WHAT IS REQUIRED => Taking the entries below, transcribe only the lines starting with the one with "Kirkland's Home Sofas" and going on through the one with "Allegra K - Tweed", exactly as written, without the pictures.

DATA RECORDS =>
════════
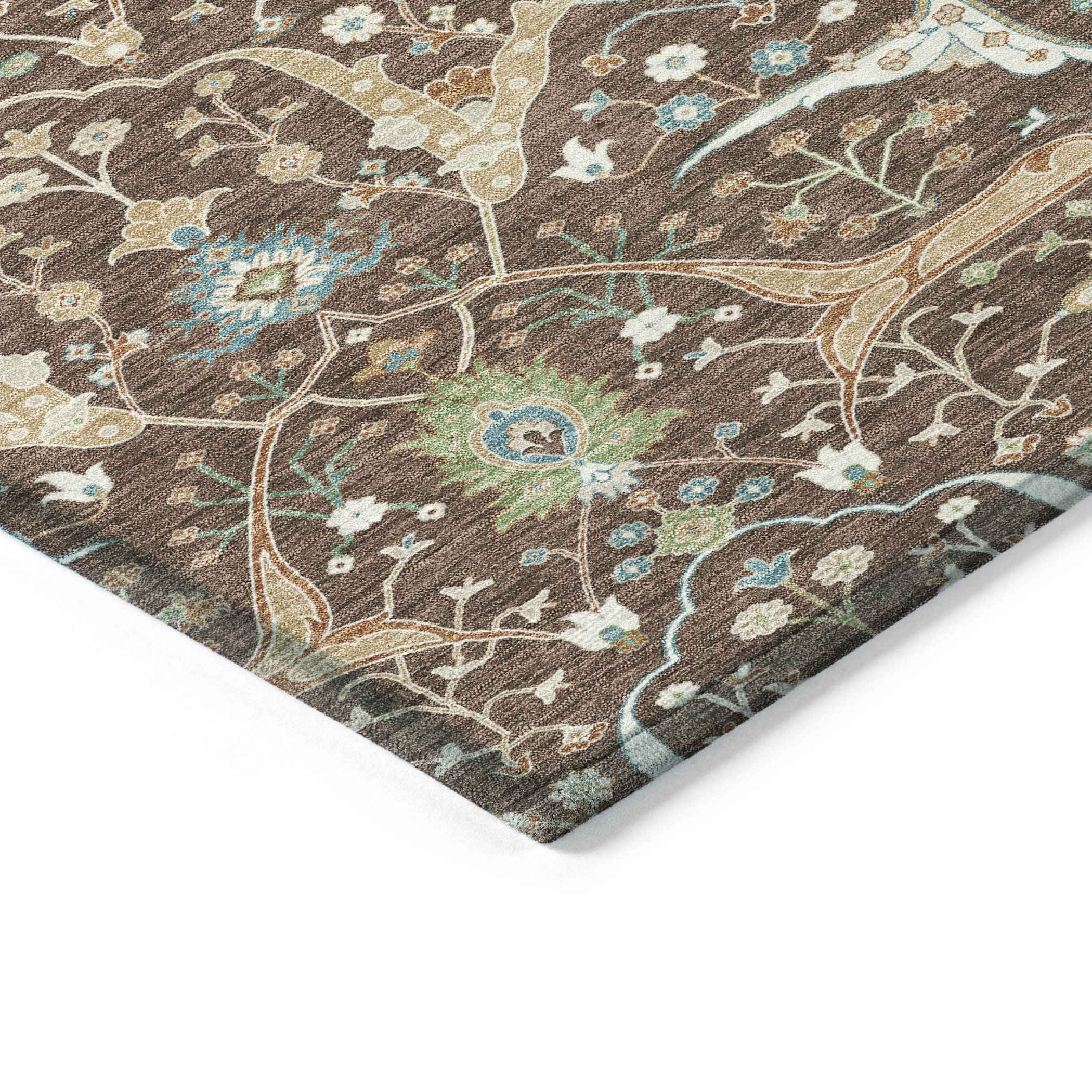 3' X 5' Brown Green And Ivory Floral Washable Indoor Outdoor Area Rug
════════
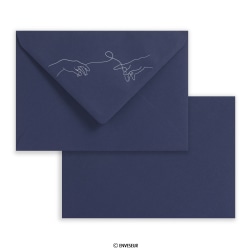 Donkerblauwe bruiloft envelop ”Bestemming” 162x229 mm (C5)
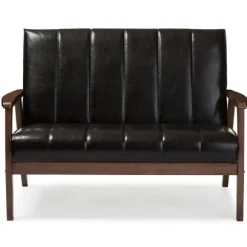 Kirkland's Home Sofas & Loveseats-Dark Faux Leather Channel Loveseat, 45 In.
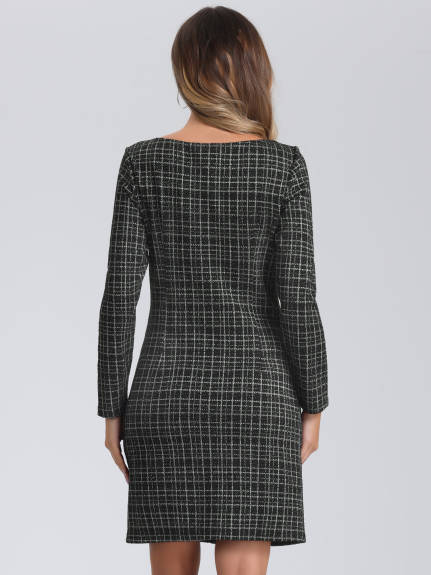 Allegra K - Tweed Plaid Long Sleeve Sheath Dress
════════
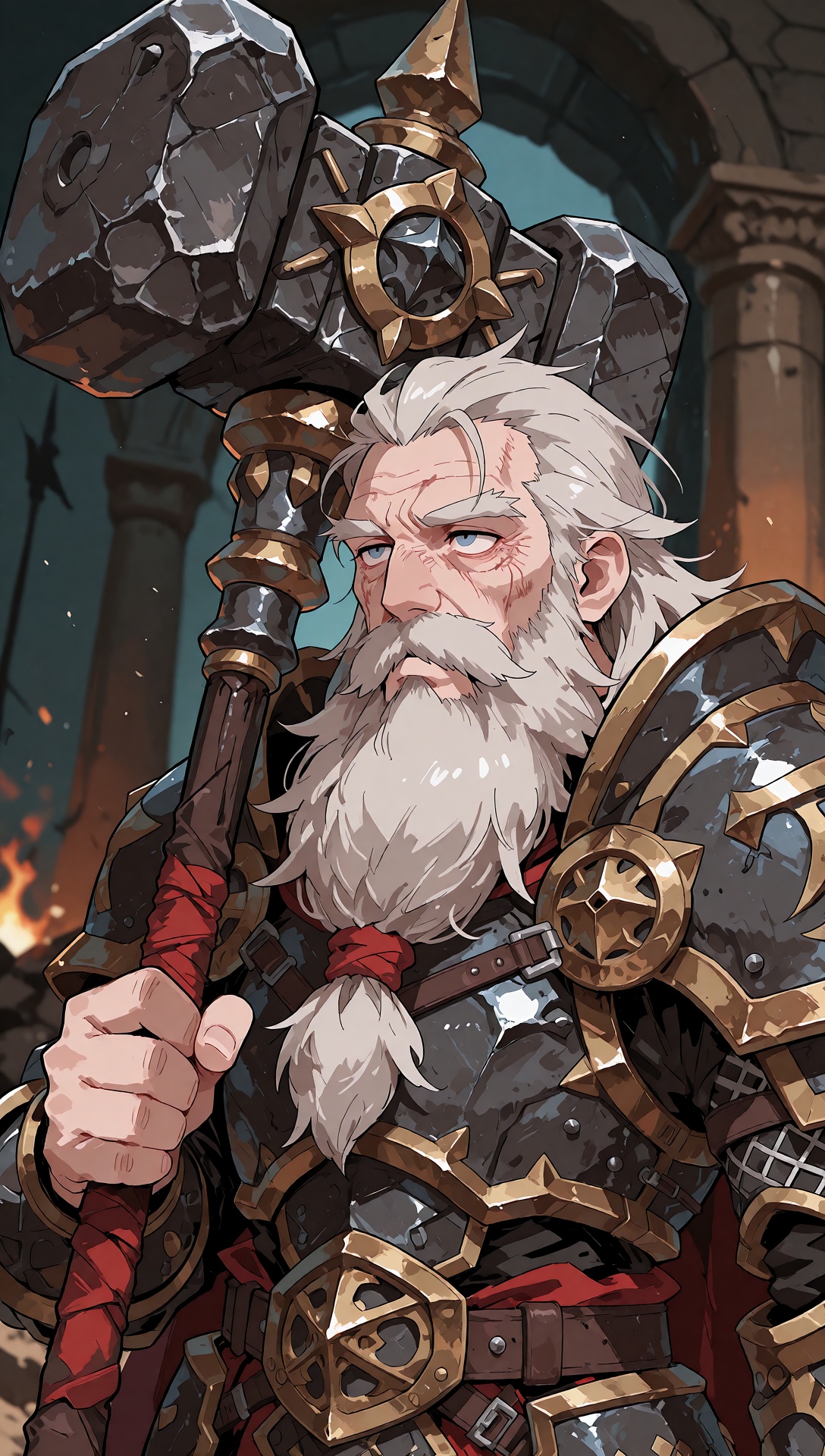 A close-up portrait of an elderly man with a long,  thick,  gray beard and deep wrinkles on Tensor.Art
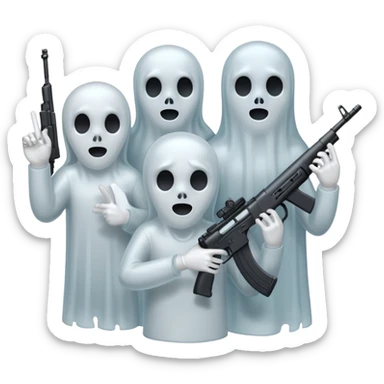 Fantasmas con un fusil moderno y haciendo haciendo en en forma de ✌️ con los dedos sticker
════════
TASK ANSWER =>
 Kirkland's Home Sofas & Loveseats-Dark Faux Leather Channel Loveseat, 45 In.
 Allegra K - Tweed Plaid Long Sleeve Sheath Dress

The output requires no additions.